You should have the following:

  • Profit & Loss Statements (3–5 years) – Buyers look for consistent revenue, stable gross margins, and any sudden changes in expense patterns.
  • Balance Sheets – Make a list of liabilities (loans, unpaid taxes, equipment leases).
  • Cash Flow Statements – Strong cash flow is vital in a business with recurring costs like utilities and payroll.
  • Tax Returns – Verify they match the P&Ls; discrepancies are red flags to potential buyers.
  • Add-backs – Adjust earnings to account for owner perks or one-time costs. This helps you determine “true” EBITDA (Earnings Before Interest, Taxes, Depreciation, and Amortization) or SDE (Seller’s Discretionary Earnings).

You can begin to form a picture of what your company might be worth on the market by using the formula:

Purchase Price ÷ Adjusted Annual Profit = Payback Period

Buyers aim for 2-4 years in most laundry/dry cleaning deals.

Real Estate and Lease

There’s more to it than just location, location, location. Other factors can either increase the value of a business or send it tumbling.

If you own your property, good for you! Be sure to keep up with any zoning and permit usage actions that might limit what kind of solvent you can have on the premises. While owning your property is great, it can bring with it environmental liability. Have you had any soil contamination testing done? If so, be sure to keep a record of it. Being able to show you’re in good shape that way adds to the value of your company.

Have you kept your property condition up? Installed HVAC, put on a new roof, overhauled the plumbing or electrical system, improved drainage, expanded or improved parking? As the land-owner, these are all your responsibility, and they make your company shine in terms of value when they are done right.

If you lease your space (as is common) then you still have some evaluation to do in terms of the value of your business. What are your lease terms and do you have renewal options that give you stability for 10+ years? If you have a great lease, can it be transferred to a new owner? Are you paying market rates, or do you need to renegotiate? Buyers are leery of leases that are near expiration, or can’t be transferred with favorable terms, or that include high rates. They love stability and profitability for the long-term.

Equipment and Operations

Obviously, the array of equipment you have and its condition are key to making the business profitable. Bad equipment means lost revenue. Break it down so you can see the true value of what you have.

Equipment age and condition is something you can quantify. You know when you purchased each piece, and should have extensive maintenance records on every washer, dryer, press, finisher and dry cleaning or wet cleaning machine. Actual paperwork adds to the value of a business, as it indicates a well-run operation.

Have you kept up? Do you have a solid POS system? Automation? Conveyor tracking? Online scheduling? An app for customers to schedule the work and be able to see where their order is at any time? If you’re still using bits of paper stuck on the front counter, you’re actually devaluing your company, no matter how good your quality is. A potential buyer (which you’re pretending to be) would not be impressed. You shouldn’t be, either.

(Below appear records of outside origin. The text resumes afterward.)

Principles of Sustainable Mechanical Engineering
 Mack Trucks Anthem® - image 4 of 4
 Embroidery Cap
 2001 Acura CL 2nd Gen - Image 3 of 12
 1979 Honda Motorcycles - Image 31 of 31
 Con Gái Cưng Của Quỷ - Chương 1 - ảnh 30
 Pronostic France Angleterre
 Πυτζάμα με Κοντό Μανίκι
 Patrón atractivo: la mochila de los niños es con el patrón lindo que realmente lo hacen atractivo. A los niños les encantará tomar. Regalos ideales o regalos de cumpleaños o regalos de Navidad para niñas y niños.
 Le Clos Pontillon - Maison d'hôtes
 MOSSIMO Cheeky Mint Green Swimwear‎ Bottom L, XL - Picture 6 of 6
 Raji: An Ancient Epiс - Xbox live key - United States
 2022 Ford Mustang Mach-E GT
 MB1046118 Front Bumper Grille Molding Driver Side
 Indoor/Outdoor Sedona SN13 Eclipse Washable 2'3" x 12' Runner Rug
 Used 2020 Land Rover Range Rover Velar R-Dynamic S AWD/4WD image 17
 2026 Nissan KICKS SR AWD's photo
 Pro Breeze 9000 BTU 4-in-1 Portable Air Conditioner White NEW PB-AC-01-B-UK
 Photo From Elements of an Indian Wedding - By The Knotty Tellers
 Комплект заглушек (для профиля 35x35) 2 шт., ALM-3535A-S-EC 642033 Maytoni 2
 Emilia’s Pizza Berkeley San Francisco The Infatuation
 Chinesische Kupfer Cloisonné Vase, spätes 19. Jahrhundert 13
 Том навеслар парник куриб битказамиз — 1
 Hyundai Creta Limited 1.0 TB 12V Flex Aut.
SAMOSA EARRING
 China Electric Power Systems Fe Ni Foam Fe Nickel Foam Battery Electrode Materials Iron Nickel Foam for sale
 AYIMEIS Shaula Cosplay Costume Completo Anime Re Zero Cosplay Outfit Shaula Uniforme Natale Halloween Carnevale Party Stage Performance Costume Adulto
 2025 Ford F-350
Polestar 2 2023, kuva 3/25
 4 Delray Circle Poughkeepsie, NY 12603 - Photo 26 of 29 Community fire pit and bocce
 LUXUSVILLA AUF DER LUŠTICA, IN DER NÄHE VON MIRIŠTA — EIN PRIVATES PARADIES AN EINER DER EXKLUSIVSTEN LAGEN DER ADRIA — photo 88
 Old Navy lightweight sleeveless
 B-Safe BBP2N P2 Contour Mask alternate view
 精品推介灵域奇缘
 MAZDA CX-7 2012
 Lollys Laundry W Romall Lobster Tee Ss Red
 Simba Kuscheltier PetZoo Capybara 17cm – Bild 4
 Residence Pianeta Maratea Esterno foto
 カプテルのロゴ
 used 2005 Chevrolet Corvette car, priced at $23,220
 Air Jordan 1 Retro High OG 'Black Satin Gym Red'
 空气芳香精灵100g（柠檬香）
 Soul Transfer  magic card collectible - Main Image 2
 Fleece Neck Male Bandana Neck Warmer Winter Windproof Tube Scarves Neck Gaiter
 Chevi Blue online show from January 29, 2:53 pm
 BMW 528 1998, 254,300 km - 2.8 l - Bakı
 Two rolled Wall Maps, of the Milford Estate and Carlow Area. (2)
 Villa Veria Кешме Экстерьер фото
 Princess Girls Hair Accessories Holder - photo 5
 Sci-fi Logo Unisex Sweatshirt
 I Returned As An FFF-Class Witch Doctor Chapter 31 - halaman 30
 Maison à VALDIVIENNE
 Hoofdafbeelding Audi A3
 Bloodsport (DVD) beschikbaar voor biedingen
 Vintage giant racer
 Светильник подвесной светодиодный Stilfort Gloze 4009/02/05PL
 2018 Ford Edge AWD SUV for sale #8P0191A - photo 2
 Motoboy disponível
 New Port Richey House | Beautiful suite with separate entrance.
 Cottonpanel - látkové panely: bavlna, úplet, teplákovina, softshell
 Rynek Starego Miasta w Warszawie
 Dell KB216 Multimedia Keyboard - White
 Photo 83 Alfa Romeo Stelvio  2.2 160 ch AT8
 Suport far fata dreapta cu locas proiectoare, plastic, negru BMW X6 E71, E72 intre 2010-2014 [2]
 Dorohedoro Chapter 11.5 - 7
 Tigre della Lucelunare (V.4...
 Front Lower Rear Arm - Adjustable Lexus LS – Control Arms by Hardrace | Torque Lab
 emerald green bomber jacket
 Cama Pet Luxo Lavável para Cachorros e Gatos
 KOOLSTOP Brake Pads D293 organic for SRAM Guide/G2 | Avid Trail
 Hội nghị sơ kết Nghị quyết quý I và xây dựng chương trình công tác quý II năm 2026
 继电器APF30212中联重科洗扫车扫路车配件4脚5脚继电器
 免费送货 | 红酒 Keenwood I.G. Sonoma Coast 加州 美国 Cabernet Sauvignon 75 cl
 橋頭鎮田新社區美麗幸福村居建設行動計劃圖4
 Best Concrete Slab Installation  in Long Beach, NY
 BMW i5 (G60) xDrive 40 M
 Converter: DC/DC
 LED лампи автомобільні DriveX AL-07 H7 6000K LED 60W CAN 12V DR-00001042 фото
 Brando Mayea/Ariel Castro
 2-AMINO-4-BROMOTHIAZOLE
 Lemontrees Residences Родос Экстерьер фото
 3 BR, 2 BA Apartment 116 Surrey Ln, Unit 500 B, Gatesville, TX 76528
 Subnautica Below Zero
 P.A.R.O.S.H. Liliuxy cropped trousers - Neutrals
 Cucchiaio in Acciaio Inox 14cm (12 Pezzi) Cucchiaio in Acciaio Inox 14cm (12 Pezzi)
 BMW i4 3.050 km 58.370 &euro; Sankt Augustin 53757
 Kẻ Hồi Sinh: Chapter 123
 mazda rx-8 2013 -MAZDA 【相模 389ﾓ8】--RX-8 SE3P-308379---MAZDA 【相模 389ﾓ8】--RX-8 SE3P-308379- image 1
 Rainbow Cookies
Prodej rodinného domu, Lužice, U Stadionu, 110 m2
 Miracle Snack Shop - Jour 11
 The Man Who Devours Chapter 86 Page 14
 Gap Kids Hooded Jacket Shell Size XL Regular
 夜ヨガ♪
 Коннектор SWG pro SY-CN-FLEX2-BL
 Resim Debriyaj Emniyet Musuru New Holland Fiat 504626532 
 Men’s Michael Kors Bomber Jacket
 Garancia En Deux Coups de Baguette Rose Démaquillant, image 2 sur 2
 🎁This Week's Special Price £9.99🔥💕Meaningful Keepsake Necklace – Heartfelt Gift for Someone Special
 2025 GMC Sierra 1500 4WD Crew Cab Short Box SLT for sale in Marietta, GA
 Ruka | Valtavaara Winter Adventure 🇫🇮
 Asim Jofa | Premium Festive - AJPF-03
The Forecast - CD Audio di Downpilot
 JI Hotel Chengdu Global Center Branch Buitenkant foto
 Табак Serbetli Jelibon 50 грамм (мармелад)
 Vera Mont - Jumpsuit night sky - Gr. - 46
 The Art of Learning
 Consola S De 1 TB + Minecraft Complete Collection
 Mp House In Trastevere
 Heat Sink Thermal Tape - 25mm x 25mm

What are you getting out of all that equipment? Compare your pounds or pieces processed per day/week/month with industry benchmarks to see if you’re being efficient. A potential buyer would. And how are you utilizing your equipment to keep gas, electricity and water costs down? Your equipment may be shiny, but it is efficient?

Don’t forget to add in the value of inventory. Solvents, detergents, packaging supplies, etc. all have a positive impact on the bottom line.

Staff and Customer Base

The people side of a business is as important as the location, equipment or financials. It’s more than just how many customers you have and how long your employees have been with you, though those factor in. Buyers focus on these areas in calculating business health.

How is your staff? Are key pressers, spotters and drivers planning to stay with you? They add value to your overall company when they do. Your payroll obligations should be reviewed regularly – wages, benefits, union contracts, perks. Yes, they cost you money. But where are you without staff?

What happens when you are away? Does the company continue running smoothly because you’ve built a solid team? If your company is turn-key in the eyes of a potential buyer because it runs properly with or without the owner present, you have added real dollars to its value.

How are your customers? Do you know what they think of you? In this internet age, you have access to online reviews, Better Business Bureau ratings, and more. Do you review them? Do you interact with the customers who post about your company and maintain strong ties to them? What about your customer database (you have one, right?) In evaluating your business like a potential buyer, think about whether it’s in a usable format for a new owner, and how actively you work with it.

Market and Competition

While you might think this is the place to start when considering a business (whether someone else’s or, as in this exercise, your own), it is just one of the many factors that predict future value of a company.

Cities, towns and neighborhoods are often in a state of flux, with people moving in and out. That changes the demographics — sometimes drastically — over time. When did you last really dig down into what’s happening in your immediate area?

What’s the population, the median income, and how big is your competition radius? If you’ve had your area to yourself for a long time, keep in mind that an “undiscovered market” only has a certain window before others move in and take a chunk of the pie. Are you ready for that?

You have competitors. Are any nearby plants closing or opening? What does that say about the area?

Is there room for expansion, especially in the area of services you can offer, like wash-and-fold, pickup/delivery, alterations, or route service expansion?

Why do people come to your business? Is it because of the quality and value of the service you give, or is it because you are a personality around town and everyone knows you? If you were to leave and turn the company over to someone else, would your customers be loyal to the brand, or would they begin to look around? How much is your brand name, phone number, and customer list worth?

Legal and Risk Review

There are lots of pesky legal aspects to owning a business that can get away from you over time. You start out with a folder of all your various important documents – but when did you last review it and update those that require it? Here are some to consider:

  • Business licenses and permits – Are they current and transferable?
  • Environmental compliance – Potential buyers check solvent storage, waste disposal, and records.
  • Pending litigation or complaints – Labor disputes, environmental actions, etc. are all liabilities in the process of valuing a business, since they can balloon and consume capital to deal with.
  • Seller’s representations and warranties – What would you, as a buyer, want to see in writing in the purchase agreement to sway you to buy? What terms and conditions? What about a non-compete clause? Would you stay and help the new owner for a few months during the transition?

Deal Structure and Valuation

As you look at your business as if you were buying it, how would you actually structure the deal? Knowing this will help you position your business in the future for possible acquisition when the time comes for you to get out.

  • Asset purchase vs. stock purchase – Asset deals protect buyers from hidden liabilities.
  • Goodwill valuation – How much is brand name, phone number, and customer list worth?
  • Inventory – Solvents, detergents, packaging supplies, etc.
  • Transition support – Would you help a buyer as an employee for a few months post-sale?

That’s a lot of work!

If this sounds like a great deal of work in order to verify your company is healthy… it is! However, you should have most of this information at your fingertips already. If you don’t maybe now is the time to get it together. Keep a copy in your office, and store a second set of the information off-site. This will not only give you a fuller understanding of your business, but will come in very handy in the event of a disaster or other situation requiring that paperwork.

They call it “due diligence” when someone sets out to purchase a company. They will dig through all this and more. A healthy company has nothing to hide, and is able to put a finger on the pulse of the business at any given time. When you have a full valuation of your business, your options open up. Suddenly you know if you are able to buy out a competitor, want to take a step back, or just want to expand what you already have.

Put your company under the magnifying lens and see what you’ve really got.